English Section

UPDATE: Polish PM vows effort to uncover truth about WWII crime by Ukrainians

11.07.2019 17:25
Poland’s prime minister on Thursday said his country would continue in its efforts to uncover the truth behind 1940s killings of Poles by Ukrainian nationalists.
Thursdays ceremonies in the Polish capital to mark National Day of Remembrance of Victims of Genocide
Thursday's ceremonies in the Polish capital to mark National Day of Remembrance of Victims of GenocidePhoto: PAP/Jakub Kamiński

Mateusz Morawiecki added that everything must be done to get to the bottom of that wartime crime in order to be able to “effectively prevent the destructive power of hatred” in the future.

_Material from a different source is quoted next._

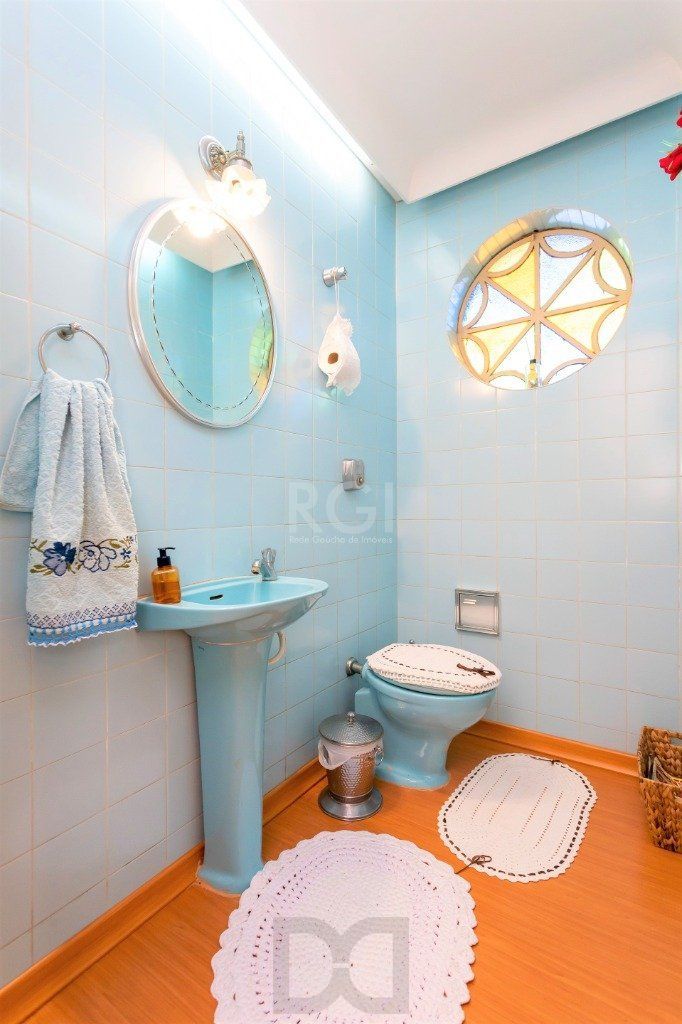 Casa para Venda - 228m², 4 dormitórios, sendo 1 suites, 5 vagas - Teresópolis — foto 17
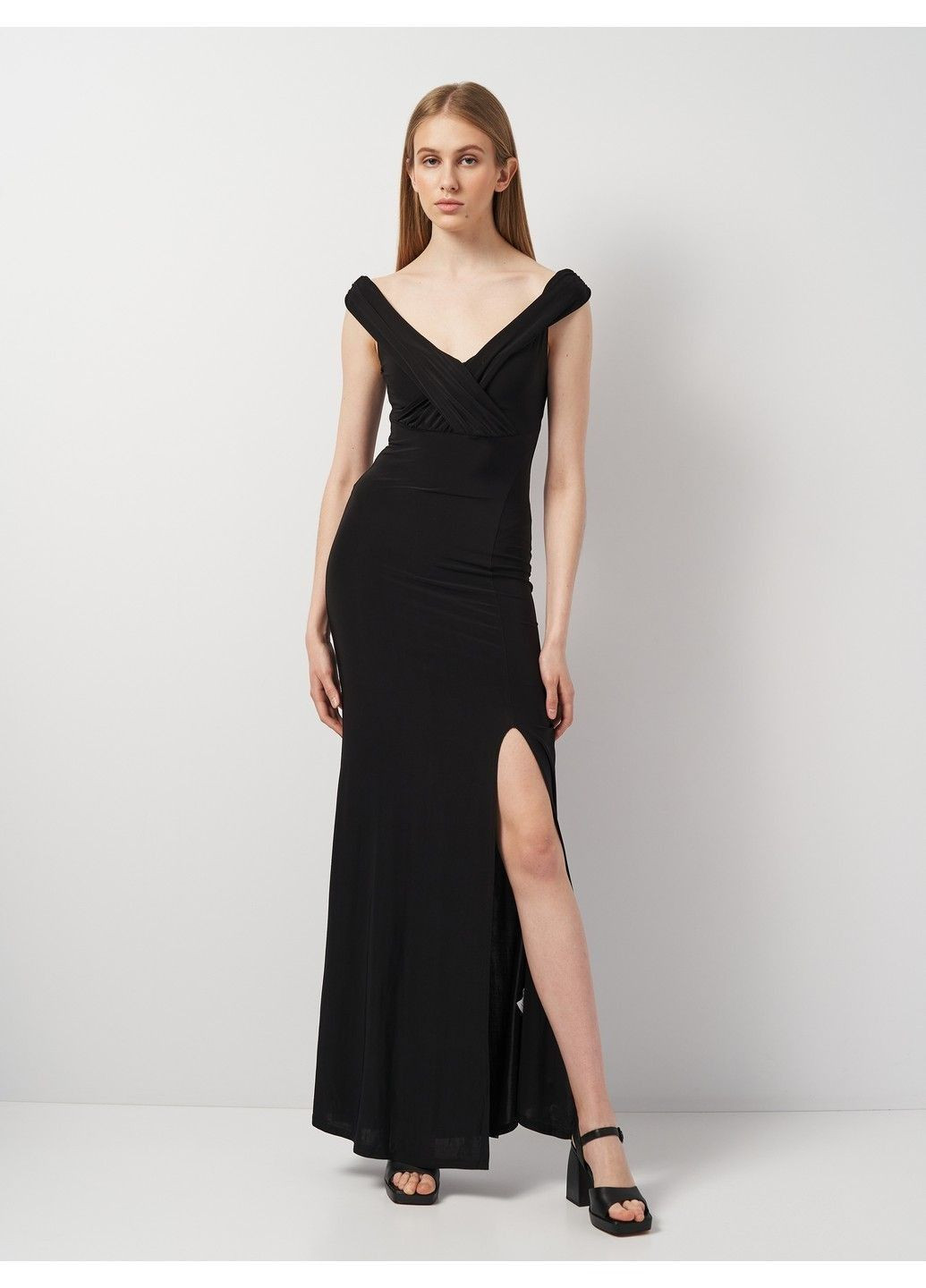 Черное коктейльное платье Missguided однотонное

Poland on Thursday marked its National Day of Remembrance of Victims of Genocide by Ukrainian nationalists against Poles during World War II.

In a letter read out during the day’s ceremonies, Morawiecki said: "We pay tribute to Polish citizens murdered ... and we once again make a commitment that we will not rest until the whole truth about this brutal crime is uncovered and until our countrymen—who are today buried in thousands of nameless graves—are commemorated in the right way."

Thursday’s commemorations included a Catholic church service and a roll call of honour.

President Andrzej Duda in the morning placed a wreath at a Warsaw monument that honours victims of wartime killings known as the Volhynia Massacres.

These were carried out between February 1943 and the spring of 1945 by the Ukrainian Insurgent Army (UPA), according to Poland’s National Institute of Remembrance (IPN).

Around 100,000 ethnic Poles in total were slaughtered in the 1940s by Ukrainian forces, according to some estimates.

On July 11, 1943, the day of the worst bloodshed, Ukrainian nationalists attacked 100 villages largely inhabited by Poles in what was then Nazi-occupied eastern Poland and is now western Ukraine.

The massacres were part of an operation carried out by the Ukrainian Insurgent Army (UPA), whose plan was to have a sovereign and nationally homogenous Ukraine after the war.

Morawiecki said in his message on Thursday: “We must also do everything to get to the bottom of the causes of the Volhynia evil in order to effectively prevent the destructive power of hatred in the future.”

The Volhynia region, which was within Poland's borders prior to World War II, was first occupied by the Soviets in 1939, and then by the Nazi Germans in 1941.